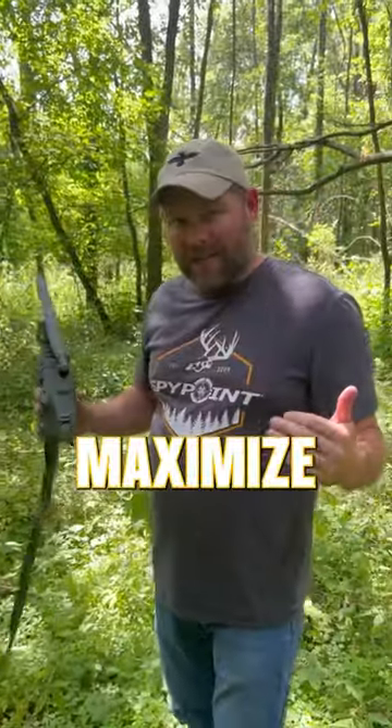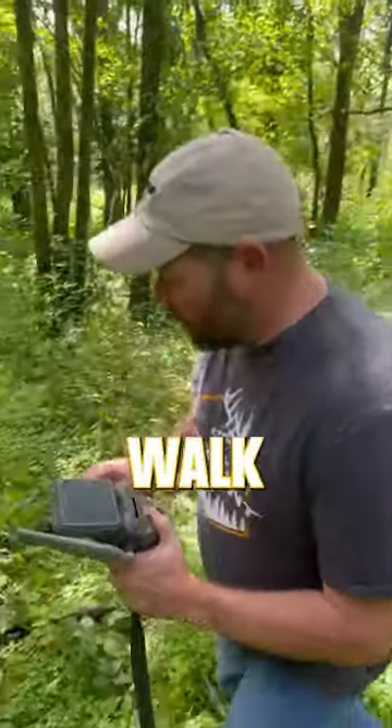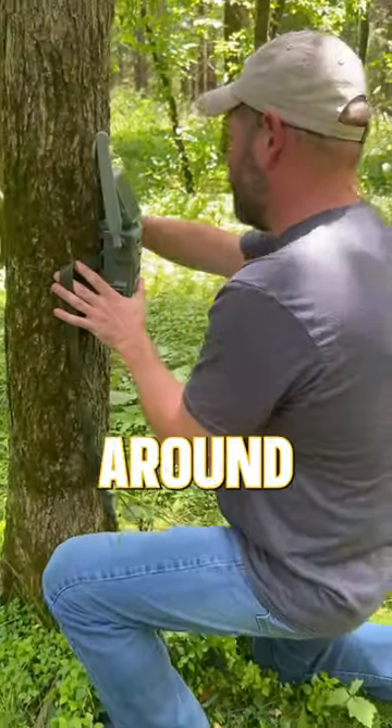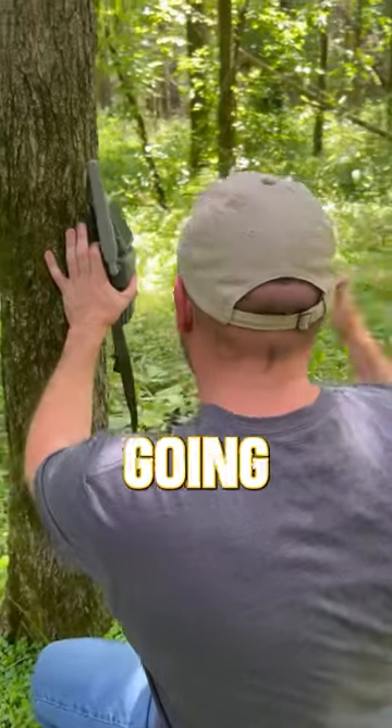Your best case, if you want to maximize the detection range, get a good angle on that camera. I tell people, walk up, take a knee. Get down here about waist high, wrap that strap around there, get it mounted. Now you've got a nice platform that this is going to be shooting out from.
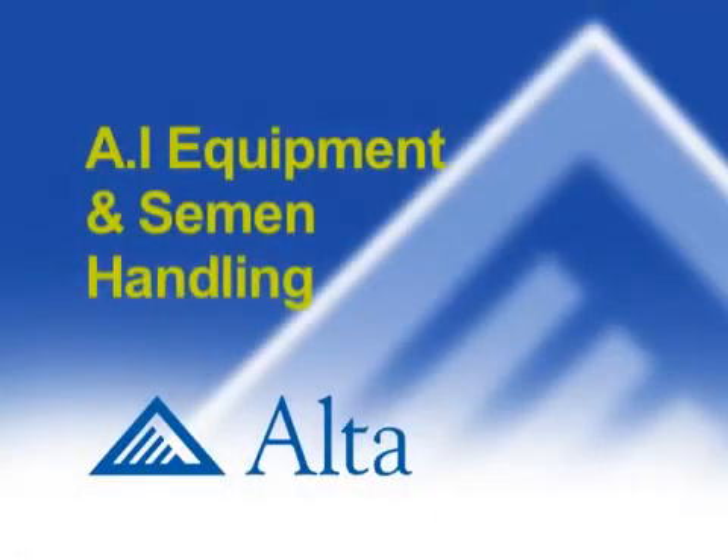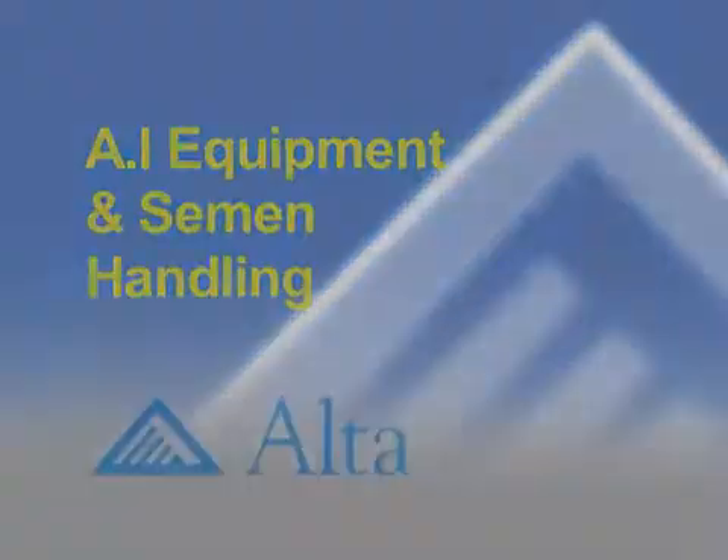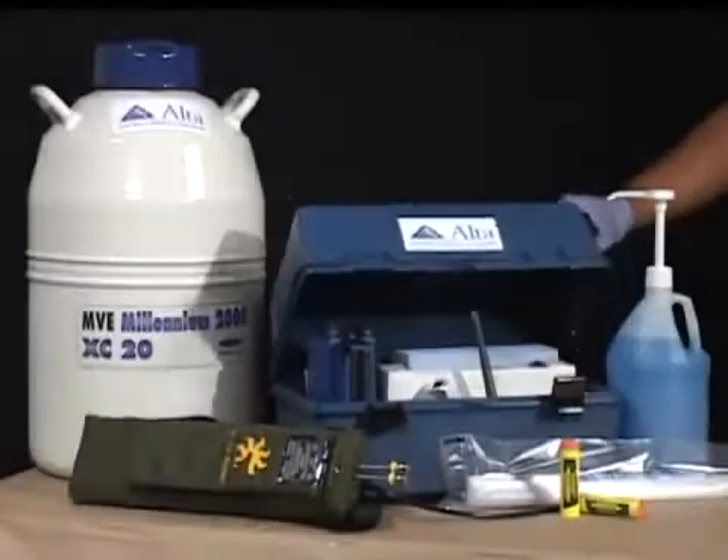Tools of the trade. We will now show the equipment needed for the artificial insemination process.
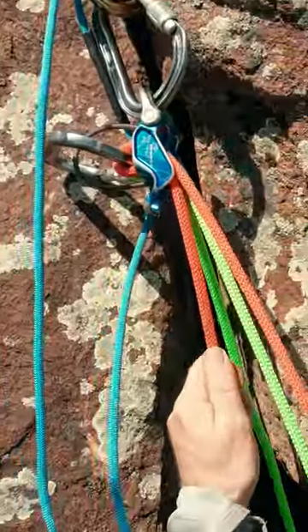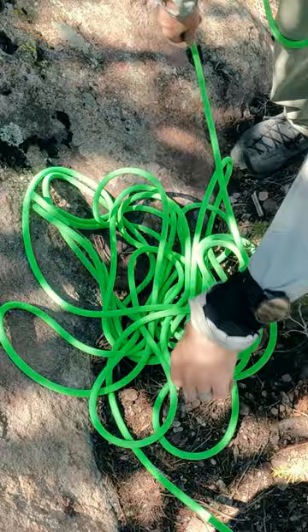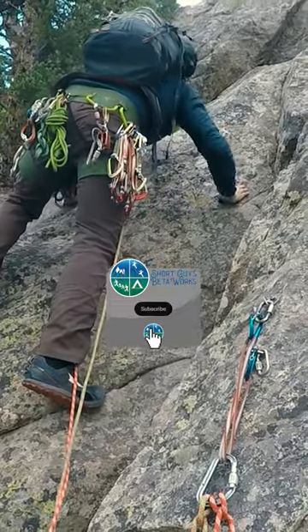So we can do the pancake flip. It starts by making sure the rope we are taking in while belaying is in a nice, neat pile. Once everyone is secure to the anchor, we can scoop under the pile, press it in place with the top hand, and then flip the stacked rope. Now the leader's end is back on top and ready for the next lead.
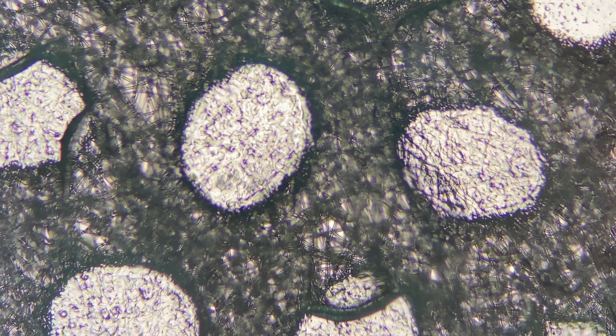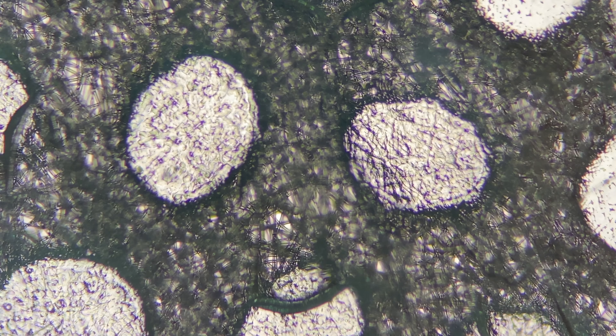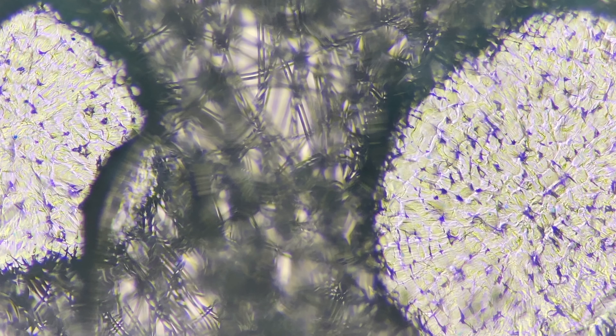We are now seeing through the mask at 40 times the magnification. This is now at 100 times. You can really start to get an idea of how coarse the mask is.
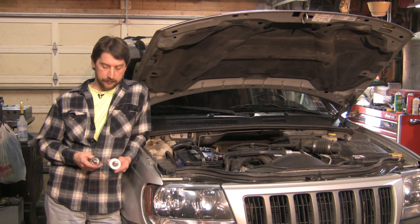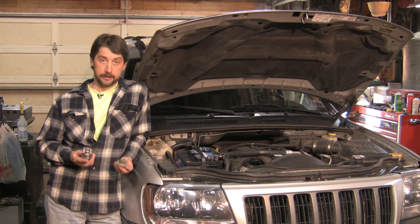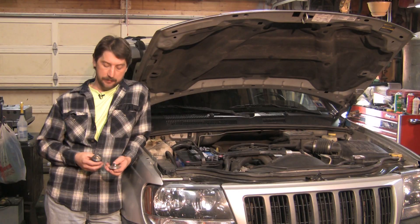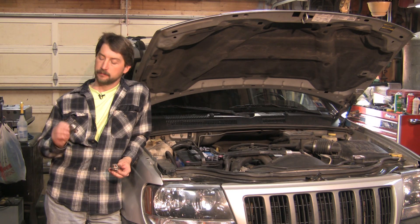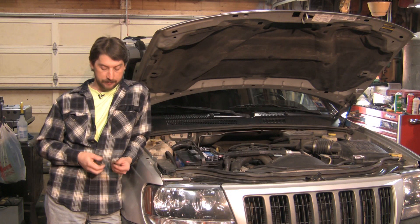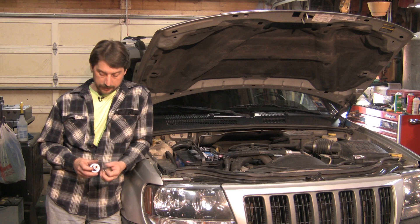Here I have two separate different thermostats. As you can see, if I flip these over, they're completely different designs but basically do the same operation — it's just a matter of the application. This one's from a Pontiac Grand Prix 3.1 and this one comes out of a Chevy pickup.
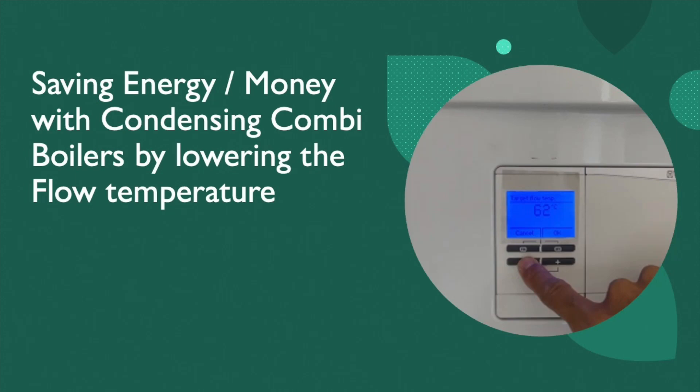In this short video aimed at condensing combination boilers without hot water storage, we show you how to identify a condensing combi boiler, explain the theory, and then show how to reduce the flow temperature and employ a one-step or two-step reduced flow temperature strategy.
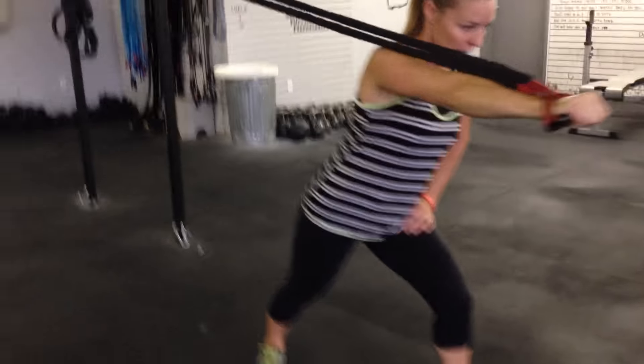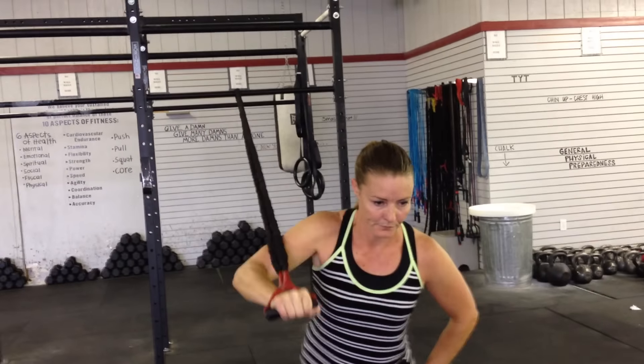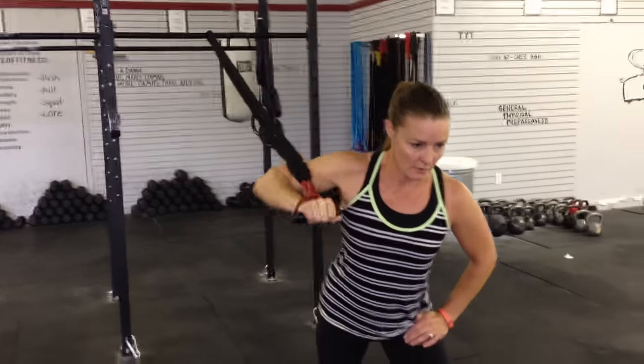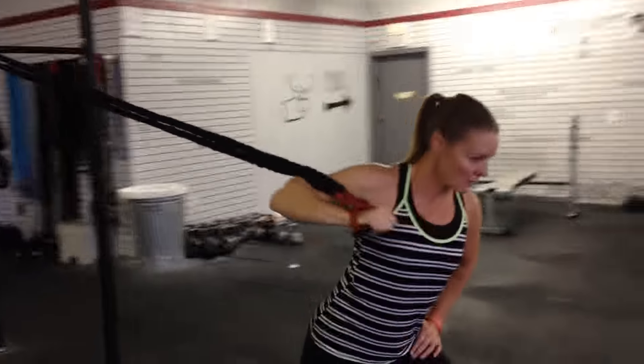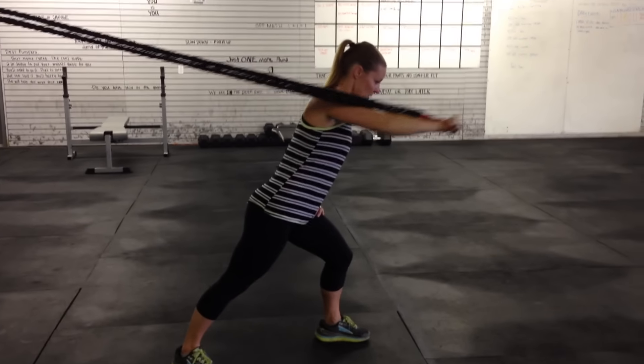The hips are square and they stay square. Shoulders are square, they stay square. You're not leaning back — use those abs to stabilize. Lean into it. Good wide stance.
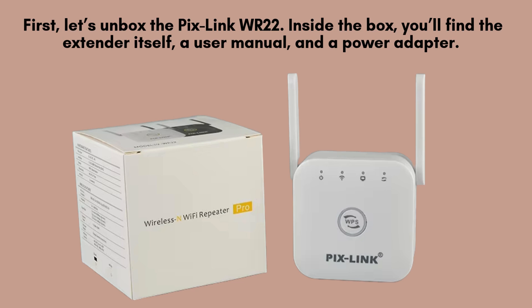First, let's unbox the Pixlink WR22. Inside the box, you'll find the extender itself, a user manual, and a power adapter. The extender has a compact design with indicator lights, Ethernet ports, and a WPS button.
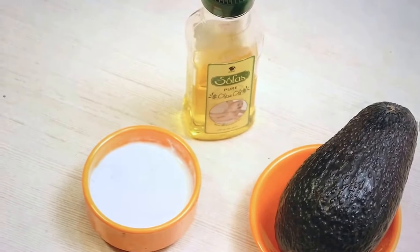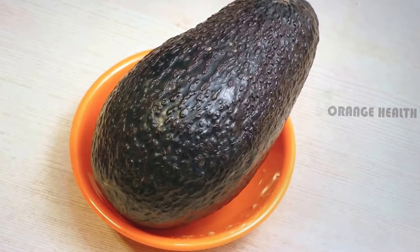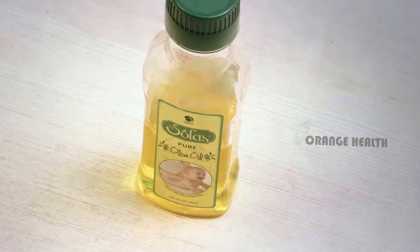Avocado, olive oil and curd. Avocado has so many fatty acids that are very good for skin. Olive oil is rich in vitamin E and highly essential for skin.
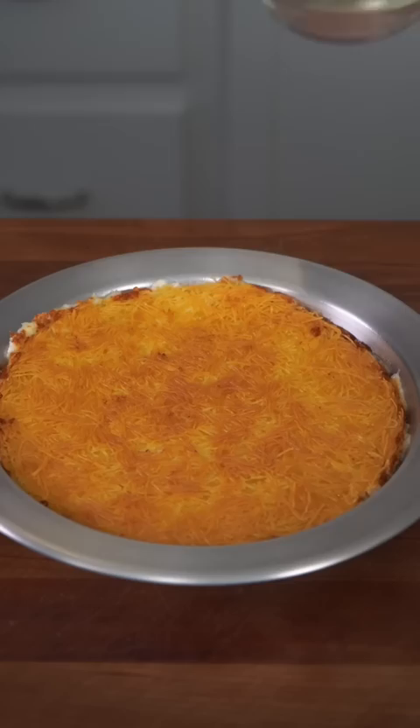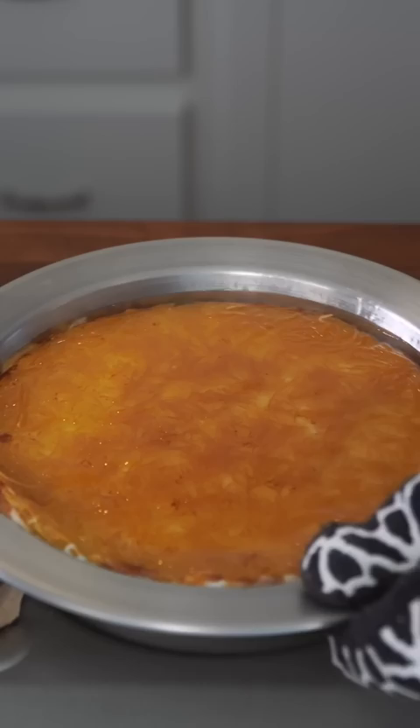As soon as you flip it, hit it with some simple syrup, then back on the heat on super low. Spin it a couple of times to make sure the cheese is melty and it absorbs all that simple syrup.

++++

Where an entry holds an image, drop the image and copy the remaining text exactly.

Your best case, if you want to maximize the detection range, get a good angle on that camera. I tell people, walk up, take a knee. Get down here about waist high, wrap that strap around there, get it mounted. Now you've got a nice platform that this is going to be shooting out from.
Tools of the trade. We will now show the equipment needed for the artificial insemination process.
So we can do the pancake flip. It starts by making sure the rope we are taking in while belaying is in a nice, neat pile. Once everyone is secure to the anchor, we can scoop under the pile, press it in place with the top hand, and then flip the stacked rope. Now the leader's end is back on top and ready for the next lead.
We are now seeing through the mask at 40 times the magnification. This is now at 100 times. You can really start to get an idea of how coarse the mask is.
Here I have two separate different thermostats. As you can see, if I flip these over, they're completely different designs but basically do the same operation — it's just a matter of the application. This one's from a Pontiac Grand Prix 3.1 and this one comes out of a Chevy pickup.
In this short video aimed at condensing combination boilers without hot water storage, we show you how to identify a condensing combi boiler, explain the theory, and then show how to reduce the flow temperature and employ a one-step or two-step reduced flow temperature strategy.
The hips are square and they stay square. Shoulders are square, they stay square. You're not leaning back — use those abs to stabilize. Lean into it. Good wide stance.
First, let's unbox the Pixlink WR22. Inside the box, you'll find the extender itself, a user manual, and a power adapter. The extender has a compact design with indicator lights, Ethernet ports, and a WPS button.
Avocado, olive oil and curd. Avocado has so many fatty acids that are very good for skin. Olive oil is rich in vitamin E and highly essential for skin.
As soon as you flip it, hit it with some simple syrup, then back on the heat on super low. Spin it a couple of times to make sure the cheese is melty and it absorbs all that simple syrup.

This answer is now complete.